# Why does socionics (model A) only have 16 types?



## Yitzi (Jan 12, 2018)

According to Socionics model A, there are 8 functions, matched with 8 information elements, according to 3 rules (going by Socionics Model A, the only source I found that lists any such rules): Accepting functions must be all rational elements or all irrational, mental elements must be all static or all dynamic, and each block must pair an introverted element with an extroverted one.

Using these rules, we can consider the possibilities. For the leading function, we have 8 possibilities; without loss of generality, say it's introverted logic (Ti). Then the creative function must be extroverted, irrational, and (superfluously) static, meaning Ne or Se, so we have 16 possibilities so far, the same as Meyers-Briggs. WLOG again, say it's Ne.
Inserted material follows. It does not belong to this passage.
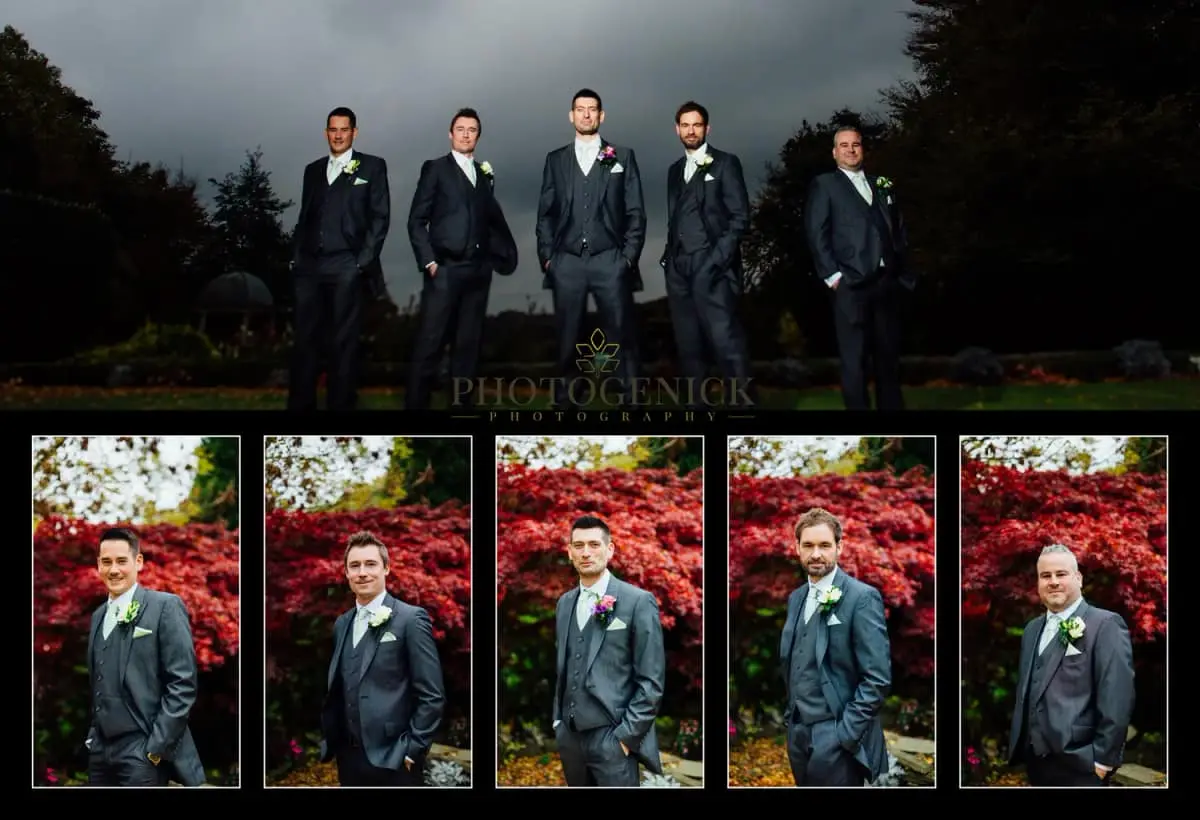 Tom and the boys at Ringwood Hall Hotel, Chesterfield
Then the role function must be another static irrational (hence Se), and the static must be the other static rational (Fi). So far, so good; we have our 16 types.

But we're not done. We still have the vital functions to consider. The suggestive function must be irrational, but otherwise is unconstrained; it can be Si like in the standard 16 types, but it can also be Ni. Likewise, the mobilizing function can be Fe or Se; thus, we multiply the number of types by 2X2 again, for 64 types (and 63 Reinin-dichotomy equivalents). So is that site wrong (and there are extra rules), or what? And if there are extra rules, is there evidence for them or other theoretical reason to believe in them?

This is of particular interest to me, since I find I am best described by LII with Extraverted Logic for my mobilizing function and Extraverted Ethics (a name I find troublesome considering how heavily ethical systems seem to be affected by the Logical side of things, but I suppose that's just the historical name) for my ignoring function.


----------



## Valtire (Jan 1, 2014)

Yitzi said:


> Socionics Model A


That website is not a good source for Socionics. I'd suggest looking up type descriptions by Socionics professionals (like Filatova).



Yitzi said:


> is there evidence for them or other theoretical reason to believe in them?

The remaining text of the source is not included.